My Struggle With “Education”
Since this is a post about education, let’s talk about sex...
Whenever I want to gain a better understanding of some aspect of human nature, sex is my go-to analogy. After all, nothing is more natural than sex, and nothing defies being denatured and mechanized like sex. (Although that hasn’t stopped people from trying endlessly!) If you’ve ever experienced really amazing sex — the kind that elevates you physically, emotionally, and spiritually — then you know it’s a primal, natural, integral aspect of your Whole Self.
In that sense, I believe that nature intended education to be like really good sex:
- You do it because you feel a passionate desire to connect (with a person or with a body of knowledge).
- You do it for love, not for money or status.

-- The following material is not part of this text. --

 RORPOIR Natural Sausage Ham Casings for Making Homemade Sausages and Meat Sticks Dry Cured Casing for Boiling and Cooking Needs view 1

- You don’t do it when you feel pressured or coerced.
- You don’t do it only at predesignated times.
- You don’t do it only in one place designated for that purpose.
- You do it when you feel “turned on” and inspired.
- It can happen in a variety of places.
- It’s consensual: you can say “yes,” say “no,” or change your mind at any point in the process.
- Being forced to do it is (or should be) illegal.
- You can do it alone, with a partner, or in a group. :)
Real education is like great sex in that the obvious parts of the process are, in both cases, only a fraction of the whole process. The peak moments are usually preceded by long periods of interacting with the person or subject of interest, in a variety of seemingly unrelated contexts.
Clearly, the list above doesn’t apply to conventional schooling. But education is not the same as schooling. If authentic education is like great sex, conventional schooling is like a series of forgettable hookups.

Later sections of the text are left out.